Don Antonio de Haro y Tamariz renunció al cargo de ministro de Hacienda porque no se prestó a uno de los sucios negocios a que tan dado era Santa Anna. Resulta que Manuel de Escandón, uno de los más acaudalados señores de aquel tiempo, obtuvo del Presidente una especie de concesión por la cual se convertía en prestamista exclusivo del Gobierno por un plazo de algo así como 100 años, con un módico interés del 30 por ciento. Don Antonio de Haro, claro, se opuso a ese vicioso arreglo, y constreñido por Santa Anna hubo de renunciar al cargo.

Lo sustituyó don Ignacio Sierra y Rosso, que tenía dos principales cualidades: ser muy amigo de Santa Anna y escribir versos muy lindos. Además era un señor catoliquísimo: su primera disposición como ministro fue ordenar que todo aquel que solicitara empleo en Hacienda supiera leer y escribir, tuviera nociones de aritmética y pudiera recitar de memoria el Catecismo del Padre Ripalda, desde el “Todo fiel cristiano...’’ hasta la última oración.

Atendiendo las órdenes de Santa Anna comenzó el señor Sierra a imponer contribuciones que, como dijo un periodista de la época, “no sólo eran ridículas y extravagantes, sino también odiosas y vejatorias’’. El primer impuesto que creó fue a los carruajes. Se cobraba ese tributo mediante una complicadísima tabla –aunque no tan complicada como las misceláneas fiscales de ahora– en la cual se especificaba la suma que se debía pagar según los asientos que tuviera el vehículo, el número y tamaño de sus ruedas, y la cantidad y calidad de las bestias que lo estiraban. Quedaban exceptuados de ese pago (y el orden de la mención era riguroso), “... los carruajes destinados al Servicio Divino en las parroquias; los del Jefe Supremo de la Nación; el del Ilustrísimo Señor Arzobispo; los de los secretarios; los de los representantes de las naciones extranjeras y el del gobernador del Distrito...’’.

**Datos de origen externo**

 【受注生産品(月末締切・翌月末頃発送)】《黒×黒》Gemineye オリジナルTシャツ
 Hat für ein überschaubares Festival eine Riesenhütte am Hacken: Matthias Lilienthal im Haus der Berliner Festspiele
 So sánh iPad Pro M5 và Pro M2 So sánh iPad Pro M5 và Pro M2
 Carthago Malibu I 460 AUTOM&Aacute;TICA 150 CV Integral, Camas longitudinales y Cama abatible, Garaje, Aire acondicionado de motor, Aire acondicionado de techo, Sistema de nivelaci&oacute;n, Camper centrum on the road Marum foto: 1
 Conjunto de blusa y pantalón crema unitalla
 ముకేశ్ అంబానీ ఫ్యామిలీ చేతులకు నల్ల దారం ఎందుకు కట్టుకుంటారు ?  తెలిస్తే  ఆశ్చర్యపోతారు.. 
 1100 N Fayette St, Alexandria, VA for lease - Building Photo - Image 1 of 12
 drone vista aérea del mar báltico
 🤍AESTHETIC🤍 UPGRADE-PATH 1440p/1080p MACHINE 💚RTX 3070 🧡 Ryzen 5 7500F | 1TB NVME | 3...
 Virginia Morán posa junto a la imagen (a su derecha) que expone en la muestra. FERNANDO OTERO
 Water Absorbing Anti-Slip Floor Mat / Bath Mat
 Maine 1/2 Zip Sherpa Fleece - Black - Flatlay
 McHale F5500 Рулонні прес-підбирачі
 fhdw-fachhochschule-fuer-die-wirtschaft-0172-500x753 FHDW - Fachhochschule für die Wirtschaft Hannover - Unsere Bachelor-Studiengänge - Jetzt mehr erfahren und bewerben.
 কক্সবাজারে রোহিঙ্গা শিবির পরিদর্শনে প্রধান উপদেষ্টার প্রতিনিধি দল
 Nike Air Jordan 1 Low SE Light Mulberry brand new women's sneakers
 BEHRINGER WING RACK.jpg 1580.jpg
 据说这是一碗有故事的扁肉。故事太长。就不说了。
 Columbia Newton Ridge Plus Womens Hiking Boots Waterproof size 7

Siguió luego un impuesto a los perros: “Artículo 17: Todos los que tengan perros, bien para el resguardo de sus casas, bien para custodia de los ganados, bien para la caza o por diversión, por gusto o por cualquier otro fin, pagarán un peso mensual por cada uno, sea cual fuere su clase, tamaño o condición, exceptuándose únicamente aquéllos que sirven de diestros a los ciegos...’’. Si el impuesto no era pagado la autoridad podía hacer matar al perro.

Por todo se cobraba impuesto: por las vacas de ordeña, por el piloncillo y la panocha, por las tertulias que se hacían en las casas, por las sillas que sacaban las personas a la banqueta para conversar. El malestar contra el Gobierno empezó a cundir. Así, con el malestar popular, comienzan a caer los malos gobiernos.